A few years earlier I had been on a beach in southern Morocco, speaking with a friend. I had seen photos on social media that many of my former college classmates were graduating from law school. We had gone through four years of university together, and like them I studied for and took the LSATs. But when I got my results back - average, good enough to apply to law school - I promptly put the envelope in a drawer and never gave it a second thought until I showed up at graduation. My classmates told me about their future law school plans, and I realized it had completely slipped my mind to apply. I was telling my friend - “But I could have been finished with law school by now!” And she replied to me saying, “Look at where you are right now, and where you have been, would you rather have been sitting in a law school library for three years?”

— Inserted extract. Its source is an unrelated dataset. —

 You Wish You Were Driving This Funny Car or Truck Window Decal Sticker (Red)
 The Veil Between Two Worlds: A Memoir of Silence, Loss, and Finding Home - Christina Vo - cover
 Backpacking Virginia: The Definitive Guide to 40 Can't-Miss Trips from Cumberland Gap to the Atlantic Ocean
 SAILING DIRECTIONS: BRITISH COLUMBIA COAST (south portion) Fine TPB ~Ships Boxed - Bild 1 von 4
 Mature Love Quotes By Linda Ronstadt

The answer, of course, was no. Law school was not the right fit for me, and clearly I had no calling towards it. I took the LSAT because that was what everyone else was doing. But when it came down to taking the the next step, I was instead drawn to traveling and to seeking opportunities that could take me abroad to discover something new. About this, I have no regrets. Traveling has opened my eyes to so much in the world, and to where my passions truly lie. Sometimes we don’t know where we are going until we get there.

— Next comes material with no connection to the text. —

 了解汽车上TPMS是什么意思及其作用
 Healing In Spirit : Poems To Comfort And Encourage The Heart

You have to shut some doors in order to open the right ones that are waiting down the line. Because I removed myself from an opportunity that would not have served me well, I found an incredible opportunity doing meaningful work. I found a mentor who has guided me and helped me to appreciate my experiences as they relate to my life - both in the workplace and outside of it. Because while work is important and necessary to pay our bills, it is certainly not everything. It is certainly not why we were put on this earth. We were put on this earth to fulfill our dreams, and hopefully leave things better than when we got here. This is, at least, how I see it, and what I hope to do - through my life, through the people I come across, and yes, also through my work. Because if I am going to be dedicating a large share of my time to a cause, I want to make it count.